**How to complete this task:**
Among the entries that follow, some lines contain the word "from". Show all of them.

**Provided records:**
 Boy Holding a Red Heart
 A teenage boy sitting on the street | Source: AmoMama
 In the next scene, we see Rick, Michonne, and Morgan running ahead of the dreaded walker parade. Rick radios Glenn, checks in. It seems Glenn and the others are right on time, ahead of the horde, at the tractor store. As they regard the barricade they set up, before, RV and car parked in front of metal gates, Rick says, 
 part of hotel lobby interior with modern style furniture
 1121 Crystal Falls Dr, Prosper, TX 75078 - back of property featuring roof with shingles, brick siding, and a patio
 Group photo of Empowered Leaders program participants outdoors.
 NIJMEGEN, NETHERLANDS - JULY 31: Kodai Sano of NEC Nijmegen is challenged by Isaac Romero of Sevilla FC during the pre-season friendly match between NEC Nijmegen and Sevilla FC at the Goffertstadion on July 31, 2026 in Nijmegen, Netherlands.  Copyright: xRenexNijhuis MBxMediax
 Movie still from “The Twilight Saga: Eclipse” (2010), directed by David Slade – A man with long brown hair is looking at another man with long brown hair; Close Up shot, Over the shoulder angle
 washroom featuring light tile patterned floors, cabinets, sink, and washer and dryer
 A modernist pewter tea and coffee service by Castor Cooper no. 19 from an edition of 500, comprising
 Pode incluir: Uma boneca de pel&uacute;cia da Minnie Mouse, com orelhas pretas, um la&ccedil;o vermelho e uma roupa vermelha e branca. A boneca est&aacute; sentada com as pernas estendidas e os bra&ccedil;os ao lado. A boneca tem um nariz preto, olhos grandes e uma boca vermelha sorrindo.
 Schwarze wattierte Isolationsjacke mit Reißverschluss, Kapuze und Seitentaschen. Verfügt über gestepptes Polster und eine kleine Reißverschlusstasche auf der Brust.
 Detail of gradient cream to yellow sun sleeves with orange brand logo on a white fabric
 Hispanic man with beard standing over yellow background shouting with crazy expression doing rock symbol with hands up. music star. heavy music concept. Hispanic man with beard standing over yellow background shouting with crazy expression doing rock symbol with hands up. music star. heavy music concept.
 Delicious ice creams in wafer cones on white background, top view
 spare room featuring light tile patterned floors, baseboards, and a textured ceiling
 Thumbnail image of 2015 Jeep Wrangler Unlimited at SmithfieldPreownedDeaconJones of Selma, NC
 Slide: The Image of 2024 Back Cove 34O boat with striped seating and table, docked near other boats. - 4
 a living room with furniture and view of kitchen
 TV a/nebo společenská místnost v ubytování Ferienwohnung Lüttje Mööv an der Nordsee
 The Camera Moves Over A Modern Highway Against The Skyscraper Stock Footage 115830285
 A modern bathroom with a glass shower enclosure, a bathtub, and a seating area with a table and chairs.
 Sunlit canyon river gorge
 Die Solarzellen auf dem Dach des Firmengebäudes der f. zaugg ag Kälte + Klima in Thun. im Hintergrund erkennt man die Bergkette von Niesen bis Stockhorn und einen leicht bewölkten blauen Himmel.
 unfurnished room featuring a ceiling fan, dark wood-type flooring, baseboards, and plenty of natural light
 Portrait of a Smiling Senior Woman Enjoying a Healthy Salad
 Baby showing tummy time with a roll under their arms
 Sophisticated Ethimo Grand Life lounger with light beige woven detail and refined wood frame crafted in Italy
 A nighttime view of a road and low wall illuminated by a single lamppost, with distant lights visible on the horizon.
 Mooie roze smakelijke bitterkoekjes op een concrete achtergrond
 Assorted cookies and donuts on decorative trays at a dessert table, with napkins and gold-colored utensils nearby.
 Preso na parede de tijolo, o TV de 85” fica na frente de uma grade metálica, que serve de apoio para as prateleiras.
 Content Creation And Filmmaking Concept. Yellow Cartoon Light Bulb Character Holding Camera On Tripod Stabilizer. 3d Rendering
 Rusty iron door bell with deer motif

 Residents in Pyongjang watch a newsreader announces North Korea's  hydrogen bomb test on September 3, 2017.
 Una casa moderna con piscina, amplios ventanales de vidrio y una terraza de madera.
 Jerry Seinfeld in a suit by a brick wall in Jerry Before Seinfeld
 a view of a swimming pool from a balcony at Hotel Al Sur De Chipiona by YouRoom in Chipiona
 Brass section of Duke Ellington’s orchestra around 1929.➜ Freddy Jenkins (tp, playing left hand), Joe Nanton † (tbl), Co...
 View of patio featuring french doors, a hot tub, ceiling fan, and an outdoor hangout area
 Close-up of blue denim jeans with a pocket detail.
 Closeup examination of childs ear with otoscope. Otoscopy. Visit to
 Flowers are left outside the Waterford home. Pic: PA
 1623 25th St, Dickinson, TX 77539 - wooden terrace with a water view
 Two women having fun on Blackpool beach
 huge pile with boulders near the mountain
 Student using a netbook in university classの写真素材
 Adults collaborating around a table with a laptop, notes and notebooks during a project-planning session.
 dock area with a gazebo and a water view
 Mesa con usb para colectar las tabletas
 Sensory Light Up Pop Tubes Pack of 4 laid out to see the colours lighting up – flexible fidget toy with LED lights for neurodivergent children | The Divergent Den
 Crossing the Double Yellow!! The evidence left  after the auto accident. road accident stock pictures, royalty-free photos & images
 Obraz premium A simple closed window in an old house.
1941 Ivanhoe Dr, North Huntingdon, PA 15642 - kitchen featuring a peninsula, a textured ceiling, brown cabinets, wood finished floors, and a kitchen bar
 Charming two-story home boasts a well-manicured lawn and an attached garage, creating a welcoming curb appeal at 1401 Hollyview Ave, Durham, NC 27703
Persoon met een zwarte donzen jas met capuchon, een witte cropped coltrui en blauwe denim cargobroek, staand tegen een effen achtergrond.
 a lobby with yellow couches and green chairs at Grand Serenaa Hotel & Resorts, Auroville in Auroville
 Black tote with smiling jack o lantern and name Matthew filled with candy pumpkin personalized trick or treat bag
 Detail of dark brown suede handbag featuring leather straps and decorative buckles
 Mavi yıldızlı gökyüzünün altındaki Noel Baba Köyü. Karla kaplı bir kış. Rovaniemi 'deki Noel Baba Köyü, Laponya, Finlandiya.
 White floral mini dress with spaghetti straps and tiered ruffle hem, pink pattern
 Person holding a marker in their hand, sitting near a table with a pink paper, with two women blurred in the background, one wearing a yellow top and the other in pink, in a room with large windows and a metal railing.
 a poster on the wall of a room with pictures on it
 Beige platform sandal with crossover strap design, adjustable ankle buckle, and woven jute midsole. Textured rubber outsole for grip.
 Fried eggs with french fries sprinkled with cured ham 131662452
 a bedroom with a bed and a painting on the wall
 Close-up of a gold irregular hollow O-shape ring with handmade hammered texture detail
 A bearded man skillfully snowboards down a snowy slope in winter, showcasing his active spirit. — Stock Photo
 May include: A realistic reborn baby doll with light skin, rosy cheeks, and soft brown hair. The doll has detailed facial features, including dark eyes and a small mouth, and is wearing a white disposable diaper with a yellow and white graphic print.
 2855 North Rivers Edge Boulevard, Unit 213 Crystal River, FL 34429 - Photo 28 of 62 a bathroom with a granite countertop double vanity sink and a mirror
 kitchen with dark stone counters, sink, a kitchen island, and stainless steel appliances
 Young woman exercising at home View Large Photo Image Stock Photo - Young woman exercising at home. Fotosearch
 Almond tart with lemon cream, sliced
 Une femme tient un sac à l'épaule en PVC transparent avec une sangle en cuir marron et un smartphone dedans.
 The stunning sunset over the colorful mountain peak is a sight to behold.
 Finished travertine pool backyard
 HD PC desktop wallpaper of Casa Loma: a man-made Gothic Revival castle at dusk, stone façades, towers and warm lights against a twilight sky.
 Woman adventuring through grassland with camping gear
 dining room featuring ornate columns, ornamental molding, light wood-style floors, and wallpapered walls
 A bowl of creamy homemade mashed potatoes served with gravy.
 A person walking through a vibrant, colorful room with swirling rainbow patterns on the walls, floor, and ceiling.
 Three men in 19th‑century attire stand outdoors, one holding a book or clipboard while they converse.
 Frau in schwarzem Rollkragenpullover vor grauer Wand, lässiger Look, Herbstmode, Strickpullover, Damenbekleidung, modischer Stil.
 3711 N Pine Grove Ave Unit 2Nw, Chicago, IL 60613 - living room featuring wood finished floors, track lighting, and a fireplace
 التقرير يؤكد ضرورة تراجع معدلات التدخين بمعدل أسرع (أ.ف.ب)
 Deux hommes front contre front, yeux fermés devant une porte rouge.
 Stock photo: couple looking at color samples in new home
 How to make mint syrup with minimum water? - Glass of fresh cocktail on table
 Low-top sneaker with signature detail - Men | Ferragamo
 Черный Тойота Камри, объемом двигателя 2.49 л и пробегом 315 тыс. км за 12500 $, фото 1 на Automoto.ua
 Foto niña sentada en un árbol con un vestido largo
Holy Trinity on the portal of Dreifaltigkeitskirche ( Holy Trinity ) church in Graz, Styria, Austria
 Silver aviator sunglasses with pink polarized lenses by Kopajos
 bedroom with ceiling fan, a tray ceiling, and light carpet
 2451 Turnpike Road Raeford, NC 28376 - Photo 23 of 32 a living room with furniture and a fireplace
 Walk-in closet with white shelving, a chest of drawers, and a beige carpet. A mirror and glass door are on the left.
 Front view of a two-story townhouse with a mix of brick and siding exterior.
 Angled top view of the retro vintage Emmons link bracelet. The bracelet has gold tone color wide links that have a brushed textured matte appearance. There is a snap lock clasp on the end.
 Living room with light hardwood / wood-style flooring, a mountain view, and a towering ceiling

**Exercise output:**
 Movie still from “The Twilight Saga: Eclipse” (2010), directed by David Slade – A man with long brown hair is looking at another man with long brown hair; Close Up shot, Over the shoulder angle
 A modernist pewter tea and coffee service by Castor Cooper no. 19 from an edition of 500, comprising
 a view of a swimming pool from a balcony at Hotel Al Sur De Chipiona by YouRoom in Chipiona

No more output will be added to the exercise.